PROBLEM: Without changing anything, reproduce every record below.

■ ■ ■ ■

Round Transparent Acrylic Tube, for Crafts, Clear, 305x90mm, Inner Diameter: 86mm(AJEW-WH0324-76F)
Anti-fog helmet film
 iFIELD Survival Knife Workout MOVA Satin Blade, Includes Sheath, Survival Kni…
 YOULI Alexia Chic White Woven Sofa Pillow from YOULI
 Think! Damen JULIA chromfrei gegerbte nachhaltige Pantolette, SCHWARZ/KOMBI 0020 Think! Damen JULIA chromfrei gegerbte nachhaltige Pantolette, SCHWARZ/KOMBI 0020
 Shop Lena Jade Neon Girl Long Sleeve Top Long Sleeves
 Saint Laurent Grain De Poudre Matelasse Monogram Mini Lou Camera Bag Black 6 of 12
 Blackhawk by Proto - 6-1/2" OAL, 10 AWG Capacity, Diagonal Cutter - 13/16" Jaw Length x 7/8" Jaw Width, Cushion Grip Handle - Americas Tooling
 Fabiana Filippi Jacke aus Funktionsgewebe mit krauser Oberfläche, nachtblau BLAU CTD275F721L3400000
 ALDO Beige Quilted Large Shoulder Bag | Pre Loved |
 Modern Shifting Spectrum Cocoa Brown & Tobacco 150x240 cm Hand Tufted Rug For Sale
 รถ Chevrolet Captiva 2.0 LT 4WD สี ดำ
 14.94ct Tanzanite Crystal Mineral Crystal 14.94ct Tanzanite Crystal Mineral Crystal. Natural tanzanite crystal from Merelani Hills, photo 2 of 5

■ ■ ■ ■

RESULT OF THE EXERCISE:
Round Transparent Acrylic Tube, for Crafts, Clear, 305x90mm, Inner Diameter: 86mm(AJEW-WH0324-76F)
Anti-fog helmet film
 iFIELD Survival Knife Workout MOVA Satin Blade, Includes Sheath, Survival Kni…
 YOULI Alexia Chic White Woven Sofa Pillow from YOULI
 Think! Damen JULIA chromfrei gegerbte nachhaltige Pantolette, SCHWARZ/KOMBI 0020 Think! Damen JULIA chromfrei gegerbte nachhaltige Pantolette, SCHWARZ/KOMBI 0020
 Shop Lena Jade Neon Girl Long Sleeve Top Long Sleeves
 Saint Laurent Grain De Poudre Matelasse Monogram Mini Lou Camera Bag Black 6 of 12
 Blackhawk by Proto - 6-1/2" OAL, 10 AWG Capacity, Diagonal Cutter - 13/16" Jaw Length x 7/8" Jaw Width, Cushion Grip Handle - Americas Tooling
 Fabiana Filippi Jacke aus Funktionsgewebe mit krauser Oberfläche, nachtblau BLAU CTD275F721L3400000
 ALDO Beige Quilted Large Shoulder Bag | Pre Loved |
 Modern Shifting Spectrum Cocoa Brown & Tobacco 150x240 cm Hand Tufted Rug For Sale
 รถ Chevrolet Captiva 2.0 LT 4WD สี ดำ
 14.94ct Tanzanite Crystal Mineral Crystal 14.94ct Tanzanite Crystal Mineral Crystal. Natural tanzanite crystal from Merelani Hills, photo 2 of 5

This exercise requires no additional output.